Sunday, June 8, 2008

Worst day ever

I like Sundays. Although we generally have to get out of the house earlier, I enjoy getting ready and getting to church where my kids are chomping at the bit to see their friends and so am I!
This Sunday was like most, Dh left earlier to play in the church band and we got set to go to the early service because I was teachign 2yr old Sunday school at the late service.
All was typical, church was good, the 9 two year olds were sweet.
We were in a new room and a couple kids had to get in the swing of things again, but it only took a few minutes.
We sang songs, read stories, played and had a snack. Then the time came to pick up the kids and when Tyler's mom came- there was no Tyler. NO TYLER.
I have never felt a panic like that, it was like a movie I swear I scanned the room in slow-motion and each place my eyes went I was shocked again to not find him.

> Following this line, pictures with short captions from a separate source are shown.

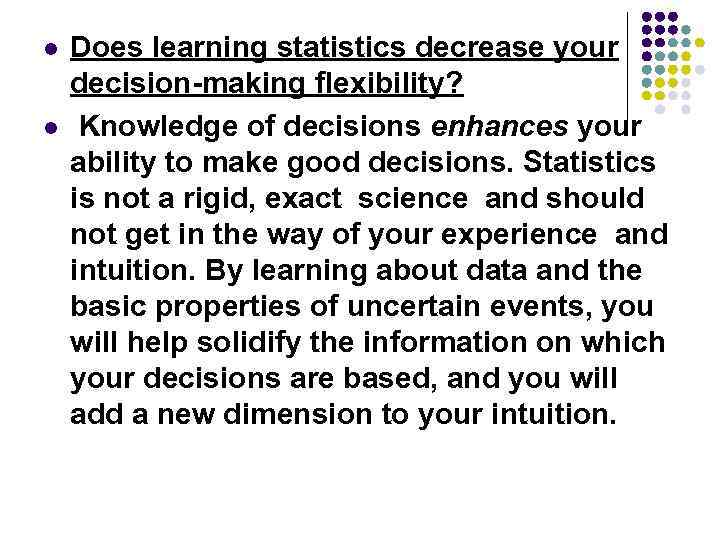 l l Does learning statistics decrease your decision-making flexibility? Knowledge of decisions enhances your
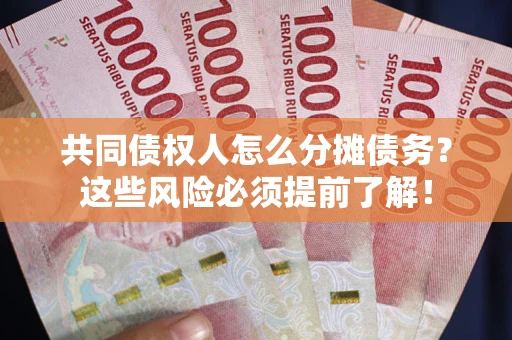 济南共同债权人怎么分摊债务？这些风险必须提前了解！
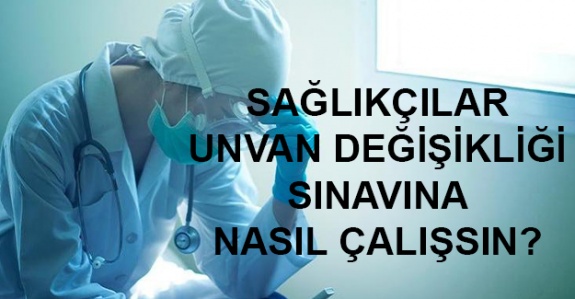 Sağlık Personeli Covid-19 İle Mücadele Ederken Unvan Değişikliği Sınavına Nasıl Çalışsın?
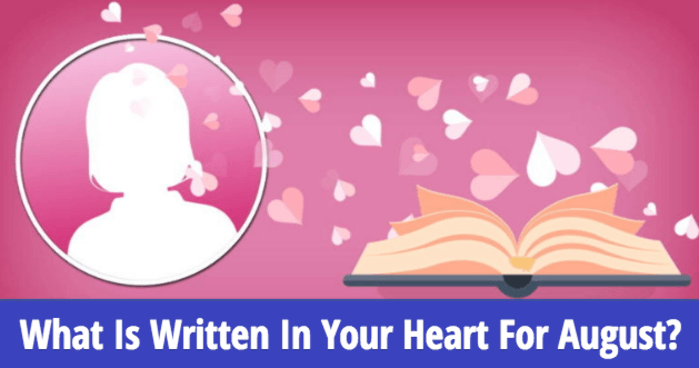 what-is-written-in-your-heart-for-august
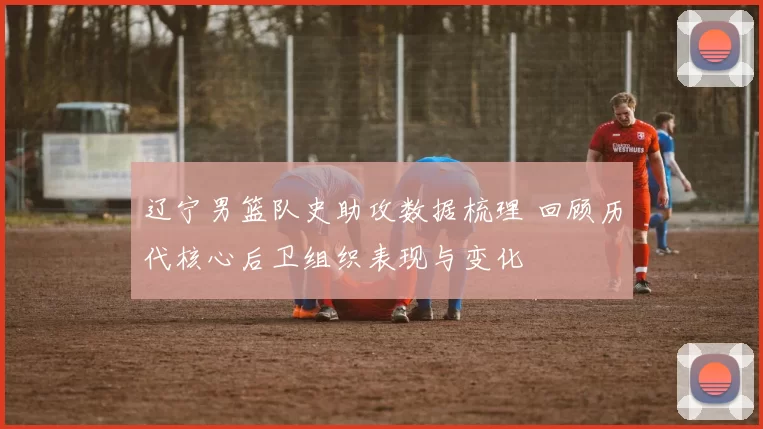 辽宁男篮队史助攻数据梳理 回顾历代核心后卫组织表现与变化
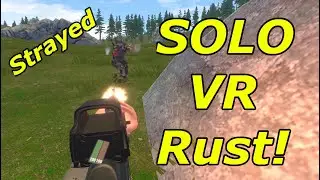 How I Survived Solo | Strayed | Rust Vr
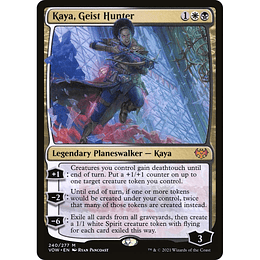 Kaya, Geist Hunter #240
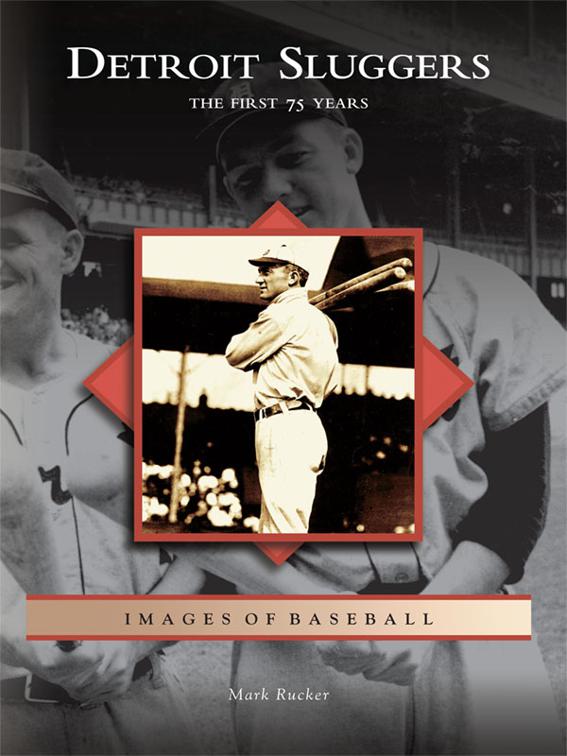 Detroit Sluggers, Images of Baseball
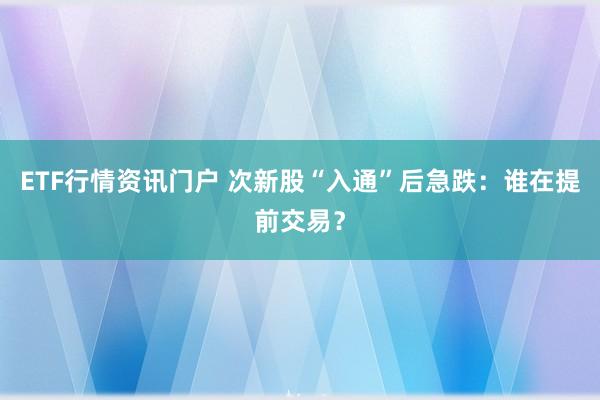 ETF行情资讯门户 次新股“入通”后急跌:谁在提前交易?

This was my first meeting with Tyler- but I knew he had jeans on and a purple paicifer with circles on it and deep blond hair.
For the next 15-20 minutes maybe it was only 10- the church searched. When I realized I was outside looking others where outside looking too- I think my heart stopped completely.
As we entered the ajoining building- a guy casually mentioned that if we were looking for a toddler- his wife had him and was bringing him downstairs!
At first I thought he was joking but as I ran back down and heard it was true- I lost it.
What could have happened and all at my accountability.
If I felt like that- what did Tyler's mom feel like? I cannot imagine or be more sorry.
I cannot imagine what would happen to me if I went to pick-up my kid after a church worship service in the church's own sunday school room, manned by church moms and no kid- and no explaination.
We think Tyler snuck out the gate with another family and followed them to the other building. He was found playing in the kindergarten room.
Goes to show- even in God's house... we must always be on guard, we must never assume it cannot happen to us.
I will be different because of this, so will Tyler's mom. I am so sorry for that. I am not sorry he turned up safe and sound and maybe now we can tweak things so that no little ones can sneak anywhere and be gone so long without someone wondering where he belongs.